FA (BENE) QUEL CHE PUO' Il che, per una enduro, significa bassi e medi corposi a scapito dell'allungo, poco utile quando ci sono da portare in giro oltre 180 chili di peso a secco per mulattiere o dune di sabbia. Da questo punto di vista, tuttavia, il mono Yamaha non offre spunti per critiche particolari. Grazie anche ad un cambio ben spaziato (sebbene a sole 5 marce), regala un'andatura spedita alla moto nella maggior parte delle situazioni, perlomeno con il solo guidatore a bordo.

STABILE E PROTETTIVA In autostrada, per esempio, la velocità massima supera di poco i 180 indicati, mentre quella di crociera è perfettamente allineata ai limiti di legge. La stabilità è però ineccepibile fino alla punta massima, così come eccellente è la protezione aerodinamica data dall'impettito cupolino di serie. A differenza della BMW, fra l'altro, il serbatoio ripara anche le gambe del pilota, mentre sulla bavarese l'aria della corsa tende ad allargare le ginocchia. Persino le vibrazioni non disturbano, a patto di non viaggiare sempre a gas spalancato.


SELLA A DUE PIANI Quanto a doti di viaggiatrice, quindi, la Ténéré è paragonabile alle concorrenti più dotate in termini di cavalli e cilindrata. Solo la sella impone una postura obbligata a causa del grande dislivello con la zona prevista per il passeggero: se si volesse sfruttare l'ampia autonomia data dai 22 litri del serbatoio non si potrà quindi contare sulla possibilità di cambiare posizione di guida per alleviare la stanchezza delle terga.

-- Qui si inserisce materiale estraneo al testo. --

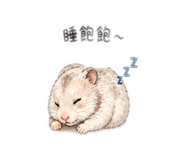 839778611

LE DIMENSIONI CONTANO La forma della sella impone qualche sacrificio anche nella guida in città o a bassa velocità, anche perché il piano della seduta è a ben 895 mm da terra. Per fortuna le sospensioni morbide lasciano che la quota scenda un po' una volta in sella, ma la XT660Z rimane comunque una delle moto più impegnative da questo punto di vista.

TANTA CORSA La morbidezza delle sospensioni ha alcuni effetti anche sulla guidabilità, che ricorda molto quella delle enduro monocilindriche di qualche anno fa. Grandi escursioni (210mm davanti e 200 dietro) ma anche grandi trasferimenti di carico. Nel caso della Ténéré, tuttavia, questo comporta solo un'azione leggermente rallentata nei cambi di direzione, mentre non crea grossi problemi in termini di maneggevolezza o stabilità.

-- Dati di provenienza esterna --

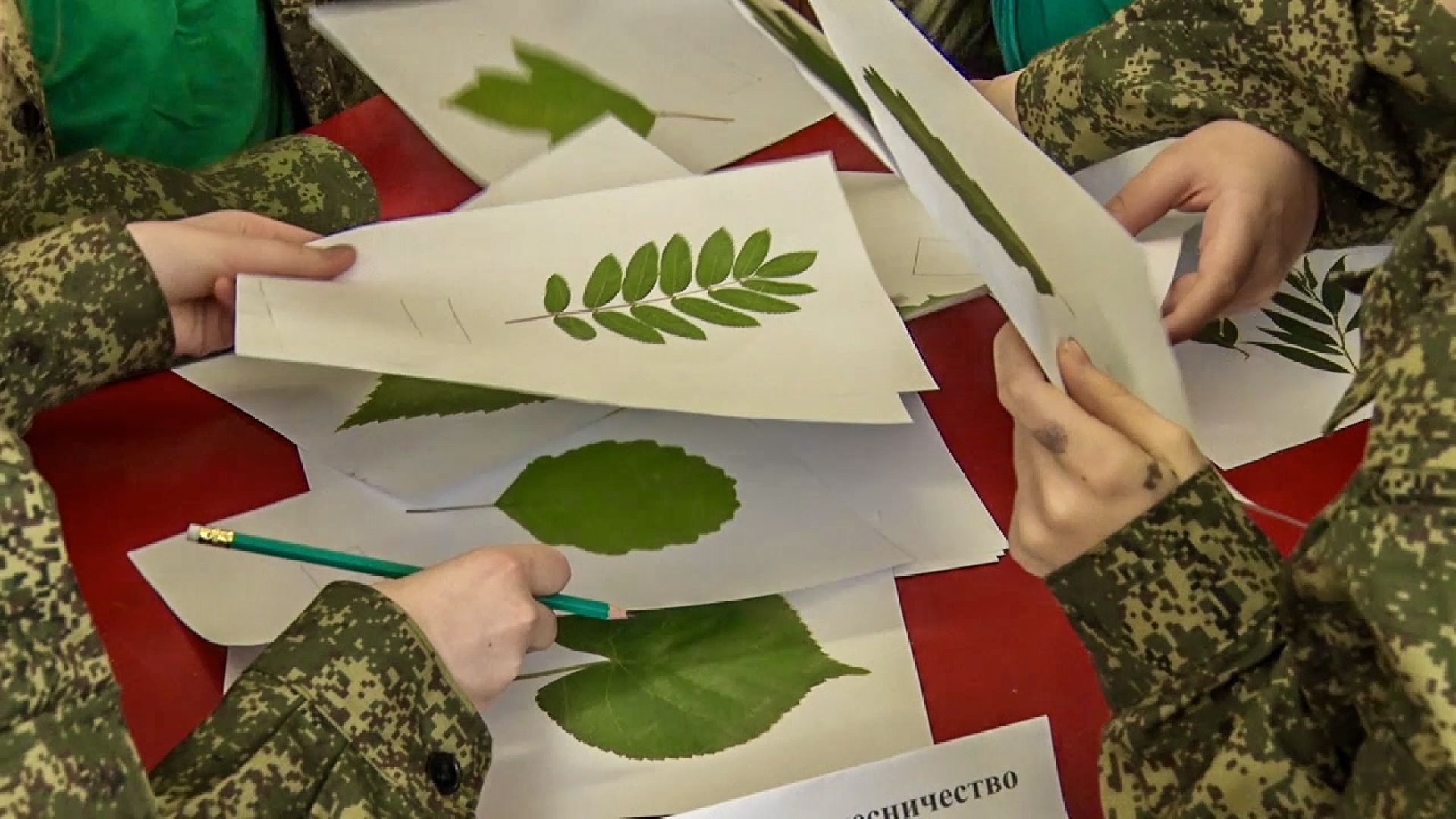 Клин, общество, молодежь, образование, школьные лесничие, лесная охрана,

COMFORT REGALE Una volta che la forcella ha terminato la sua corsa e si è assestata, infatti, la Yamaha segue con apprezzabile precisione la linea impostata, scendendo in piega docilmente e senza che in uscita lo schiacciamento del mono la metta in crisi. Il lato positivo di questo assetto si scopre invece nella guida di tutti i giorni, dove la Ténéré sfoggia un comfort inarrivabile per le altre due per capacità di assorbire buche e tombini.

MERITA IL POSTO D'ONORE Considerando il prezzo competitivo (6.990 €), inoltre, questa XT660Z appare decisamente ben fatta e curata sia in termini di design, sia per quanto riguarda le protezioni per meccanica e carrozzeria nel caso se ne faccia un uso in fuori strada impegnativo. Ancora una volta, quindi, Yamaha è riuscita a creare un prodotto ricco di contenuti e proporlo ad un prezzo invitante, cosa che permette alla Ténéré di superare la BMW nel nostro giudizio finale. Semplicità non vuol dire necessariamente rinunciare a qualcosa di importante, come il carisma o l'efficacia su strada, ma a volte può voler dire concentrarsi solo sull'indispensabile e confezionarlo nel modo più gradevole possibile.